Establish Expectations for Interaction from the Start
Write a page, or post a link to a page, on “netiquette”: that is, online etiquette. Much has been written on the topic; you may also establish your own class ground rules involving not engaging in ad hominem, or personal, attacks, to listen to peers carefully in live chat, to respond thoughtfully to other’s posts, and so forth.
Be a Role Model of Courtesy and Hard Work
Model the courtesy you expect in your students. Respond to questions promptly. Post something every day—an assignment, reading, responds to discussion threads, grade work, etc. Post responses to students’ posts and discussion topics. Encourage others to do so by advancing the discussion through your position, reflections, and asking questions of students who aren’t participating.
Teach Technical Skills
As much as possible and as needed, help students develop the technical skill and understanding they will need in your class online. Post general directions for accessing documents, for web searching a topic, for cutting and pasting links you may provide, for who to contact with more serious concerns, and so forth.
“Tell Them What You’re Going to Tell Them; Tell Them, and Then Tell Them That You Told Them”: Basic Communication Concept
Be as repetitive as necessary.

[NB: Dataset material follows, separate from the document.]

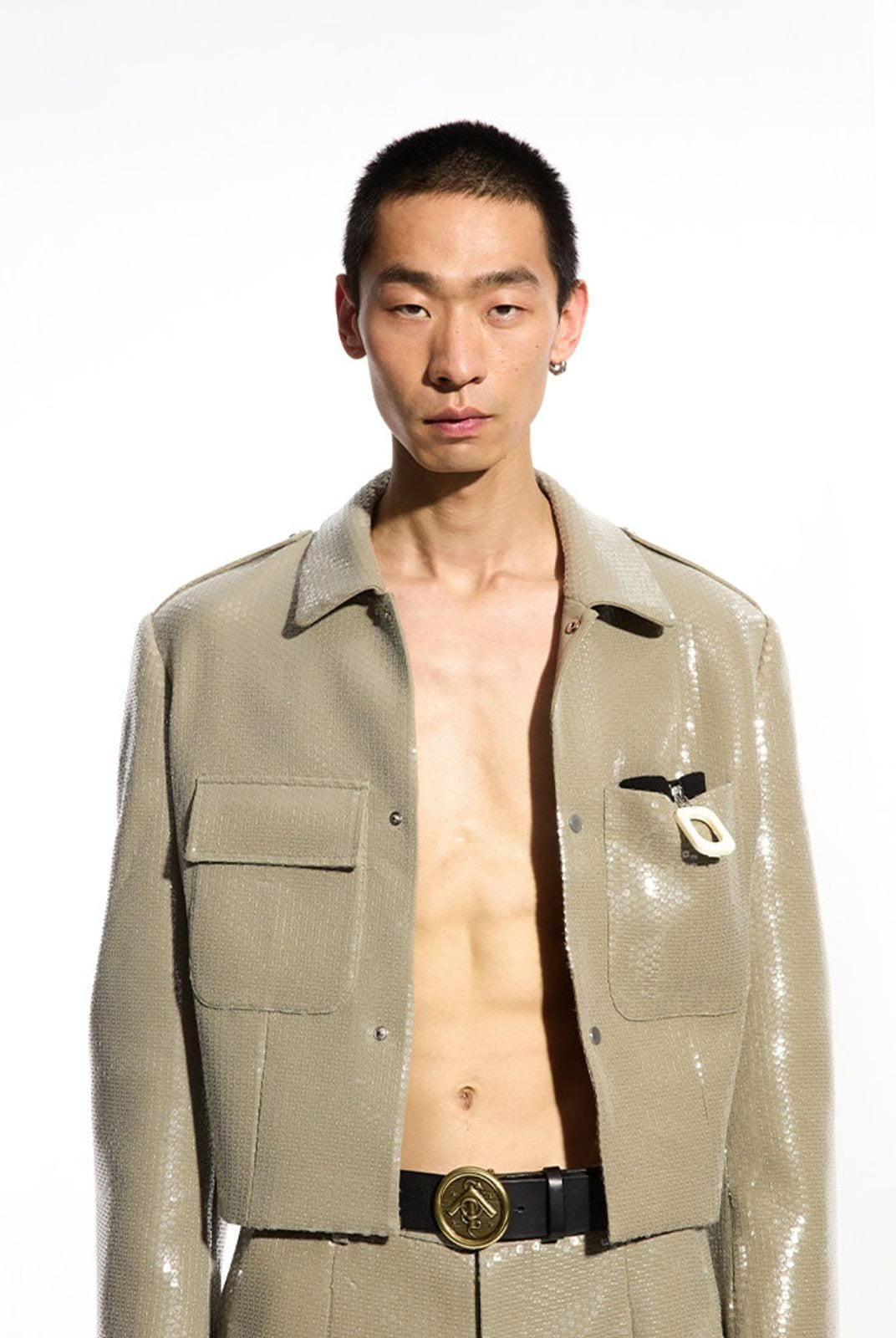 Grotto Arrow Logo Buckle Leather Belt in Black - On Male Model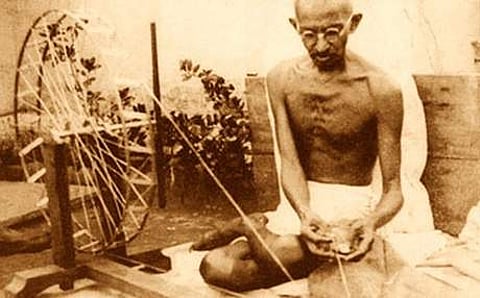 Mahatma Gandhi spinning yarn, in late 1920 (Image courtesy Wikimedia Commons)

Post schedules, expectations, and assignments around the site: on the home page, on the announcement page, on the syllabus, on the page for submission of work, etc. Email students your announcements as well. If they hear and see directions many times, students are more likely to understand and less likely to forget—or at any rate, have less of a claim that the directions were not there or were not clear.
Make Yourself Available
Many online instructors establish “office hours,” in which they wait in the class chat room for students to come in and ask questions or discuss course issues. Establish online office hours at a variety of times each week so that everyone has a chance to attend. Also post a phone number you can be reached at as necessary.
Take Advantage of the Benefits of Online Instruction; Don’t Treat It as a Disadvantage
Finally, remember research has revealed that online instruction has a number of pedagogical advantages over the traditional. Provide links to valuable readings in the field. Schedule a variety of online live chat at different times. Set up discussion threads so that students in class who may be all over the globe can dialogue according to their schedule. More introverted students, who need more time to put together a thoughtful response, actually do better in online discussion. Write and post your own original material related to the content. You may also establish on the course site a thread or threads where students can ask questions or post concerns.
No one said teaching online would be easy. Or actually it has been said as it has been said, incorrectly, that taking an online class is easier than onsite. However, because of reduced context and difficulties in navigation, it can be twice as hard as a traditional onsite class. But by maintaining a consistent presence in class and providing instruction in computer skills and online etiquette as well as online content, the disadvantages can be turned into advantages.